Supplied records ->
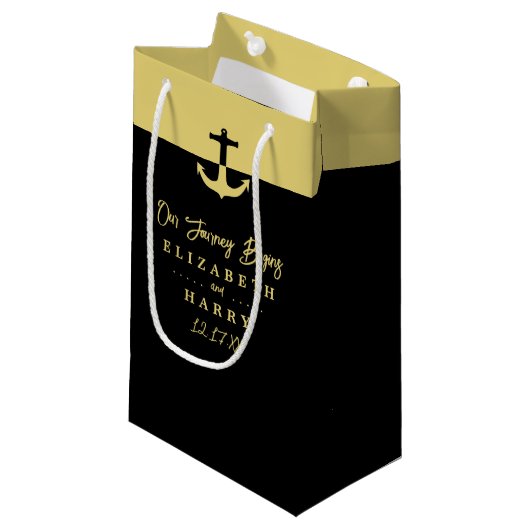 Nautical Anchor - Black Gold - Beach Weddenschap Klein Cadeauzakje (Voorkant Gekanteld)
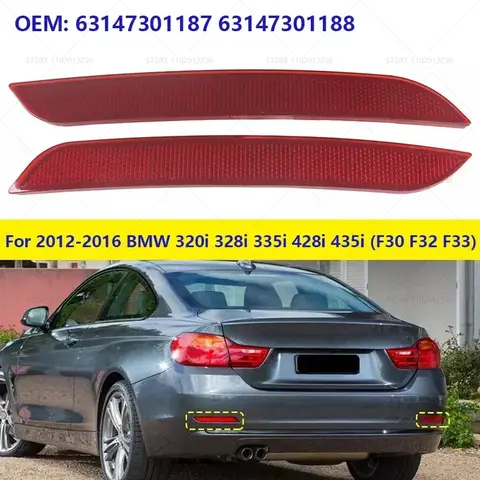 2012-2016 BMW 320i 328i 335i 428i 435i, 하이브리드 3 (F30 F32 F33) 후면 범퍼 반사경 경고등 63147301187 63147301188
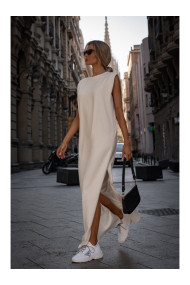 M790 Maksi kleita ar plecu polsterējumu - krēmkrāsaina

* * *

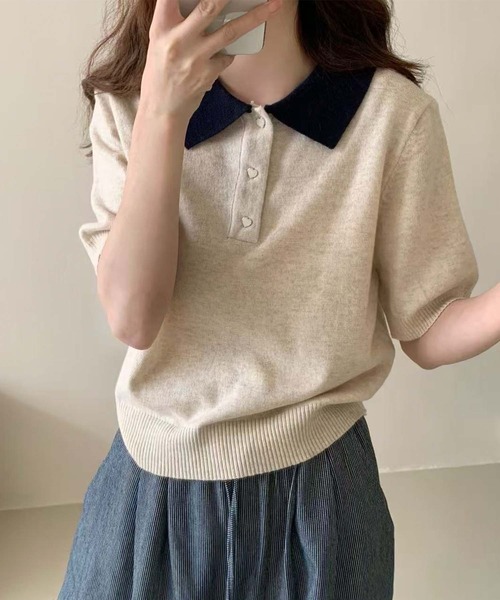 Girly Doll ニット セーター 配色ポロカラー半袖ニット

Task requirements -> Write out, word for word, the stretch of entries that begins at the line with "Nautical Anchor - Black" and ends at the line with "M790 Maksi kleita". Pictures do not belong in it.

Solution for this exercise ->
 Nautical Anchor - Black Gold - Beach Weddenschap Klein Cadeauzakje (Voorkant Gekanteld)
 2012-2016 BMW 320i 328i 335i 428i 435i, 하이브리드 3 (F30 F32 F33) 후면 범퍼 반사경 경고등 63147301187 63147301188
 M790 Maksi kleita ar plecu polsterējumu - krēmkrāsaina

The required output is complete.